The Hutterites are much studied by sociologists and ethnographers. Their way of life is a valid subject of study, but the underlying philosophy their way of life should be the topic of theological and economic study, and the study of human motivation.

Since coming to North America, colonies have typically branched out when they have reached 130 to 140 souls, children included. This is done by buying new land, erecting the buildings and infrastructure and buying the machinery and equipment needed to ensure the success of the new colony. Then, shortly before the actual branching out occurs, the names of the colony members, with existing and potential new leaders for all aspects of new colony life, are drawn by lot to select who will go to the new colony and who will stay behind. This method of cell division ensures that the skills and abilities of potential leaders are utilized and the creativity and initiative within the colonies used to build up their communal life rather than dissipated in personal rivalries competing for leadership.

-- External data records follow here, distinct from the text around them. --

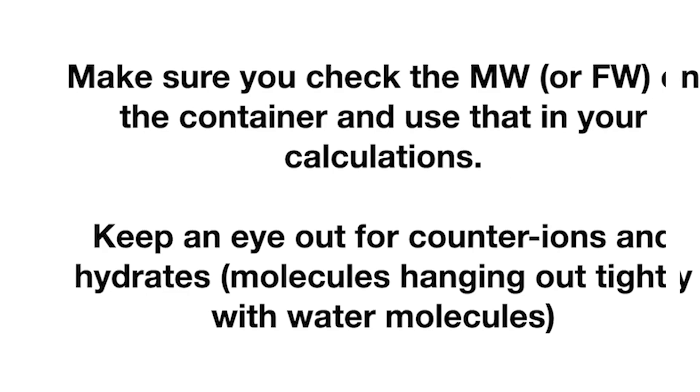Say you want to order some pizzas, and it's a really weird pizza place that charges you by weight. So you're trying to figure out how many pizzas to buy, so you take a pizza and you weigh it out, figure out how much one pizza weighs, multiply that by how many pizzas you want, and you place your order.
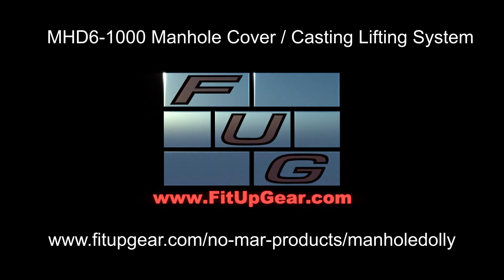Announcing the newest addition to the Maglogix family of products: the Maglogix manhole lifting system.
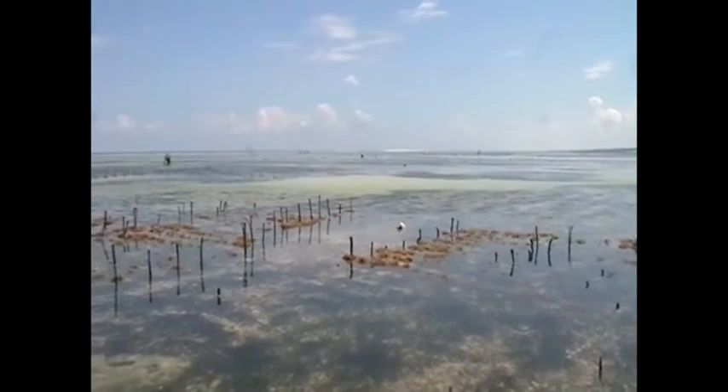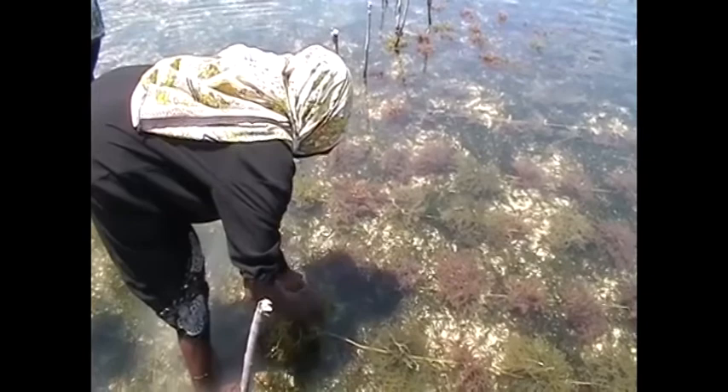Most of our seaweed farmers are using the off-bottom method — using sticks and ropes with tie-tie into production. But we want to introduce another technique called broadcasting. With broadcasting, they are not using sticks and rope; instead they are using stones and rubber bands, tying the seed onto a stone with a rubber band and it grows up.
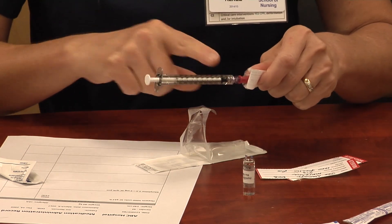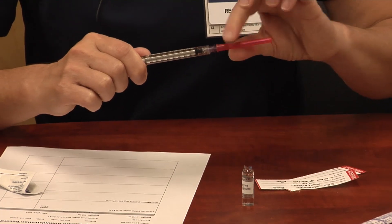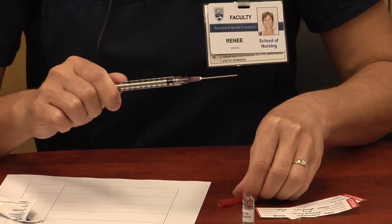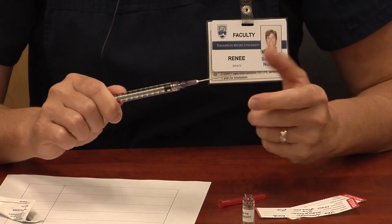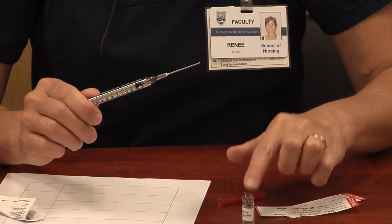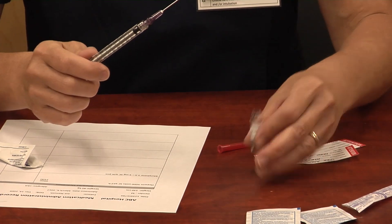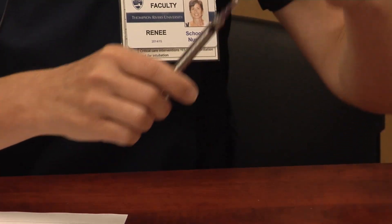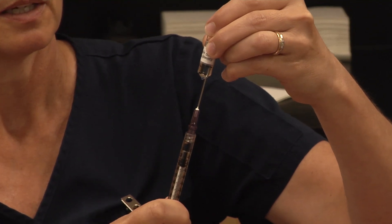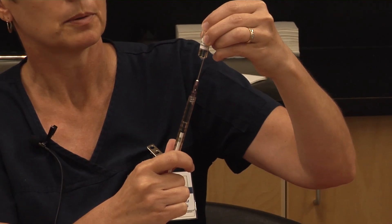We've used principles of asepsis — not touching any of the connectors. To take the caps off, you just pull straight off and lure lock it on so things stay connected. You can approach drawing up a couple of ways: if you're having a shaky day, keep the ampoule on the table and insert the needle that way. Other days, you can invert the ampoule and draw up the medication that way.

A visit to a colony is a study in contrasts. Socially, there is much that harkens back to the Reformation. Clothing styles, some of the teaching methods, worship, and the division of labor between the sexes would not be strange to middle Europeans of the 16th century. Production equipment, whether this be in the kitchen, the workshop, the factories or the fields, demonstrates an expertise that 21st century industrial designers and production managers would admire. Vocational training, learned by working with skilled elder-mentors, is still the practice today, and young people are trained in the wide spectrum of skills needed to manage a colony. Then they are chosen for specific duties, based on the aptitudes they demonstrate in various training settings. A visit to a colony demonstrates all the skills needed to manage a community-skills as diverse as animal husbandry, cooking, teaching, gardening and food preservation, welding, carpentry, accounting, sewing, plumbing, mechanics and operating all kinds of equipment-from an air seeder guided by a global positioning system to managing meat packing operations supervised by government food inspectors.

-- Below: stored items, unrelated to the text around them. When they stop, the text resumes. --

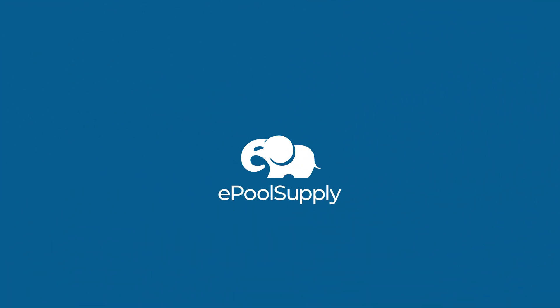Hey YouTube, what's going on? Kyle again from a Pool Supply. Today we are back to talk to you guys about Pentair's temperature sensors. Stay tuned — we're going to dive in, give you a little explanation, and show you guys what to expect in the package.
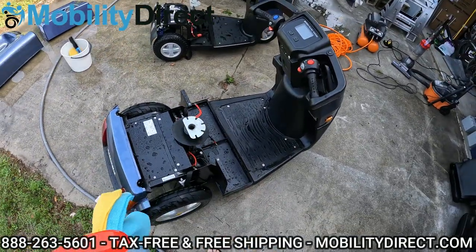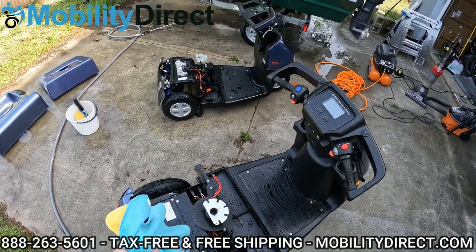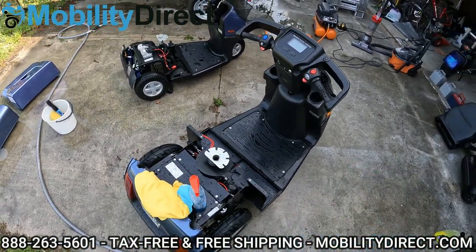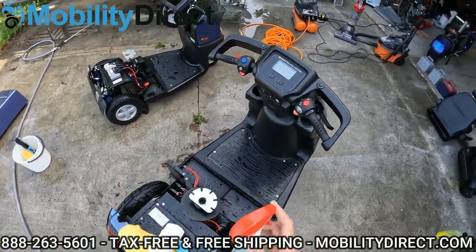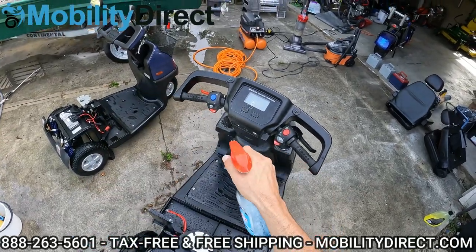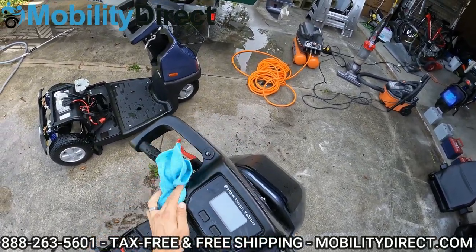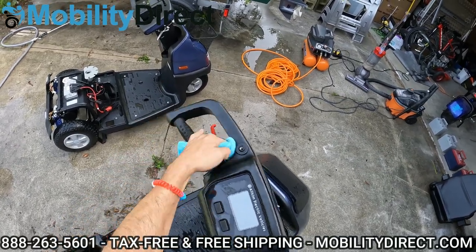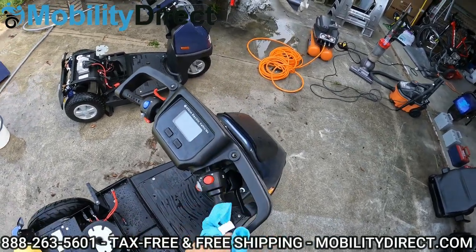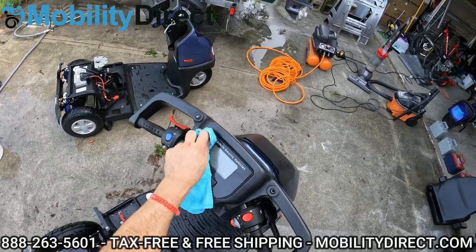All right, so to save time, I went ahead and washed down the C model in the same way that we washed down the S model. These are two pretty much the same models — one's just bigger than the other. What I wanted to do now is use a microfiber cloth. I'm going to lightly spray the dash area and the controls, because I never actually took the sponge and soap to the dash. It's a little dusty, so I'm just going to use some Windex, spray down this top part, and get it shiny. This is what we recommend doing to get that dash nice and shiny.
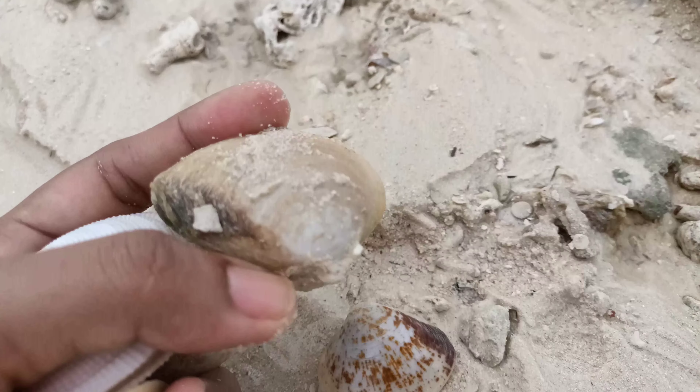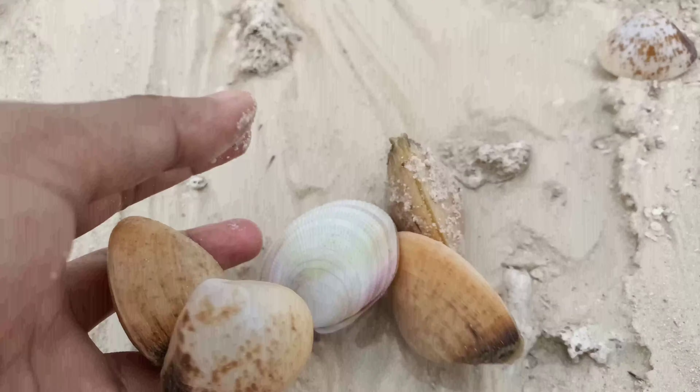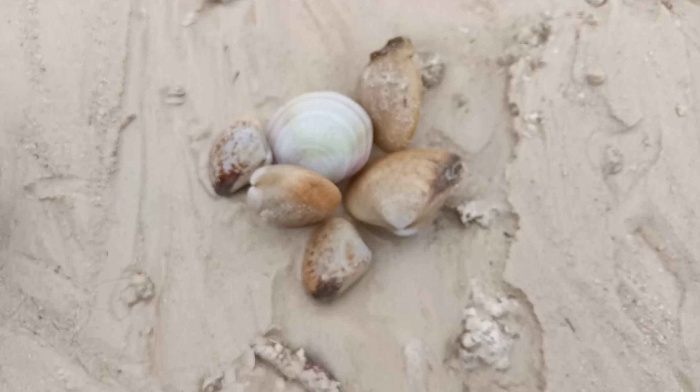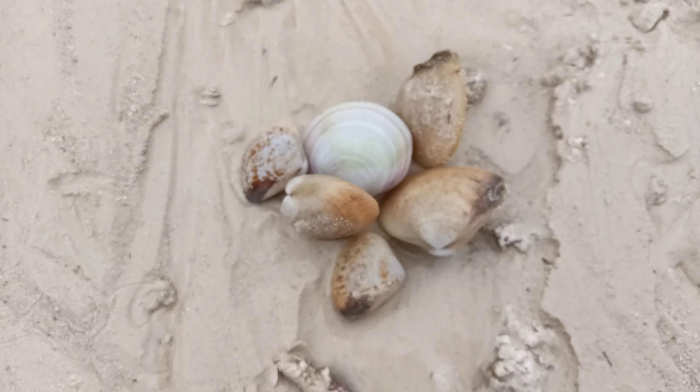Yeah, that's another biggie! I have all of them already — I don't have a container, so that's not a bad day, it's a good day!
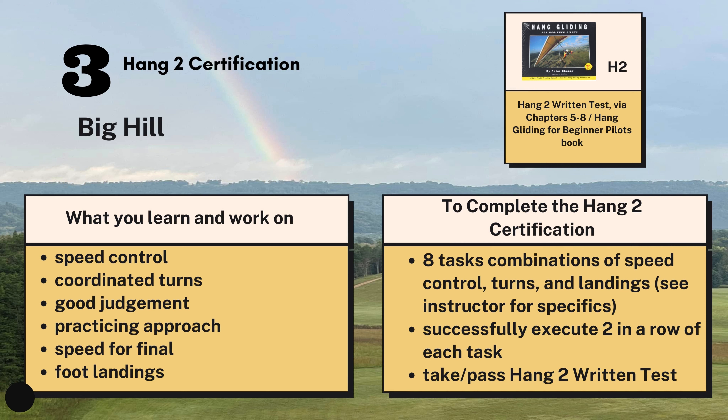The big hill will give you higher and longer flights, which will let you practice your turns, controlling your airspeed, using good judgment, and practicing the approach you're going to use when you launch off the mountain. Your instructors will take you through a series of tasks where you vary airspeed, work on turns — really, again, just prepping you for your approach when you launch off the mountain.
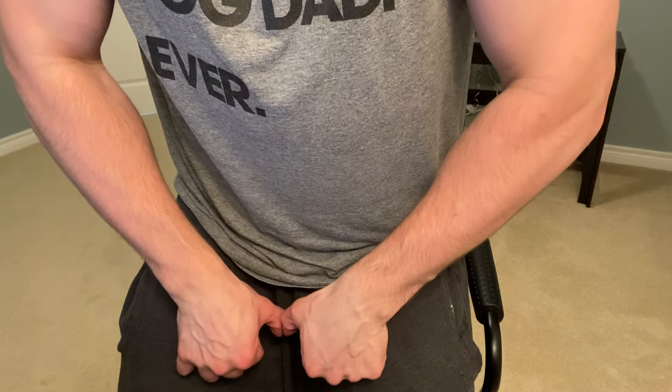Quick little break. Look at my veins right now — they are just popping, they are popping you guys.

The Hutterites have demonstrated an economics that provides a cradle to grave food, shelter, clothing, health care, education, social services, employment, cultural development model for the entire community. It is a system that confounds those economists committed to the belief that money and economics are the most powerful of human motivations, for no one on the colony draws a salary or a wage. With few exceptions, members of the colonies are highly productive, creative, innovative people who defy most contemporary economic theory. It is my belief that in the colonies there exists an alternative to the economics of scarcity and divisiveness that characterizes the economics of capitalism that has become ascendant since the fall of communism. Humanity desperately needs alternatives to this economic model that is inexorably driving the human experiment towards destruction. I believe that there is in the Hutterite model an alternative that the rest of humanity needs to study if we humans are going to live together in this world without destroying ourselves.